13  Under the hood: cache keys

When Pocket caches a function call, it builds a cache key from the function identity and all arguments. This chapter looks at how that works internally and what it costs β€” especially for large arguments like datasets.

Setup

(ns pocket-book.cache-keys
  (:require
   ;; Pocket API and internals:
   [scicloj.pocket :as pocket]
   [scicloj.pocket.impl.cache :as cache]
   [scicloj.pocket.protocols :as proto]
   ;; Annotating kinds of visualizations:
   [scicloj.kindly.v4.kind :as kind]
   ;; Data processing:
   [tablecloth.api :as tc]
   [tech.v3.dataset.modelling :as ds-mod]))

The four steps

Every call to pocket/cached goes through four steps to produce a filesystem path for the cache entry:

  1. ->id β€” convert each argument to its identity representation via the PIdentifiable protocol. Vars become fully-qualified symbols; Cached references become lightweight references; datasets become their full column data + metadata.

  2. canonical-id β€” deep-sort maps and normalize the structure so that {:a 1 :b 2} and {:b 2 :a 1} produce the same key.

  3. str β€” serialize the canonical form to a string.

  4. sha β€” SHA-1 hash for a fixed-length, filesystem-safe path.

When a function’s arguments are small (scalars, keywords, or Cached references), all four steps are sub-millisecond. But when a raw dataset is passed directly, the full dataset content becomes part of the cache key.

Measuring the cost

Let’s pass a 50,000-row dataset as a direct argument and time each step:

(let [ds (-> (tc/dataset {:x (vec (range 50000))
                          :y (vec (range 50000))
                          :z (repeatedly 50000 rand)})
             (ds-mod/set-inference-target :y))
      ;; Step 1: ->id
      t0 (System/nanoTime)
      id (proto/->id ds)
      t1 (System/nanoTime)
      ;; Step 2: canonical-id
      cid (cache/canonical-id id)
      t2 (System/nanoTime)
      ;; Step 3: str
      s (str cid)
      t3 (System/nanoTime)
      ;; Step 4: sha
      _ (cache/sha s)
      t4 (System/nanoTime)]
  {:rows 50000
   :string-length (count s)
   :->id-ms (/ (- t1 t0) 1e6)
   :canonical-id-ms (/ (- t2 t1) 1e6)
   :str-ms (/ (- t3 t2) 1e6)
   :sha-ms (/ (- t4 t3) 1e6)})
{:rows 50000,
 :string-length 1541262,
 :->id-ms 3.355993,
 :canonical-id-ms 5.730036,
 :str-ms 25.115645,
 :sha-ms 1.579439}

The str serialization step dominates β€” it must walk the entire nested structure and produce a ~1.5 MB string. SHA-1 hashing that string is fast by comparison. Switching to a faster hash algorithm would not meaningfully help.

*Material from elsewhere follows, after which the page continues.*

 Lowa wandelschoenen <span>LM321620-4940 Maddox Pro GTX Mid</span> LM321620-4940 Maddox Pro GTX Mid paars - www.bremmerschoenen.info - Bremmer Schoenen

Why Cached references matter

When an argument is a Cached reference rather than a raw dataset, its identity is a lightweight reference to the computation that produced it β€” not the data itself. Compare:

(pocket/set-base-cache-dir! "/tmp/pocket-cache-keys")
10:06:46.813 INFO scicloj.pocket - Cache dir set to: /tmp/pocket-cache-keys
"/tmp/pocket-cache-keys"
(pocket/cleanup!)
10:06:46.814 INFO scicloj.pocket - Cache cleanup: /tmp/pocket-cache-keys
{:dir "/tmp/pocket-cache-keys", :existed false}
(defn make-data [n]
  (tc/dataset {:x (vec (range n))
               :y (vec (range n))}))

Direct dataset β€” identity includes all 50,000 rows:

(let [ds (make-data 50000)
      t0 (System/nanoTime)
      _ (str (cache/canonical-id (proto/->id ds)))
      t1 (System/nanoTime)]
  {:direct-ms (/ (- t1 t0) 1e6)})
{:direct-ms 20.211526}

Cached reference β€” identity is just (make-data 50000):

(let [data-c (pocket/cached #'make-data 50000)
      t0 (System/nanoTime)
      _ (str (cache/canonical-id (proto/->id data-c)))
      t1 (System/nanoTime)]
  {:cached-reference-ms (/ (- t1 t0) 1e6)})
{:cached-reference-ms 0.074606}

The Cached reference is orders of magnitude faster because its identity is a small form like (pocket-book.cache-keys/make-data 50000), regardless of how large the output dataset is.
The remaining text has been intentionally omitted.